- [Supplied information]
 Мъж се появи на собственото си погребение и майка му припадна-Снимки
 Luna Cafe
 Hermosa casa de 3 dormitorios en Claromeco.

- [About this exercise] Could you repeat all of the material above exactly?

- [Expected answer]
 Мъж се появи на собственото си погребение и майка му припадна-Снимки
 Luna Cafe
 Hermosa casa de 3 dormitorios en Claromeco.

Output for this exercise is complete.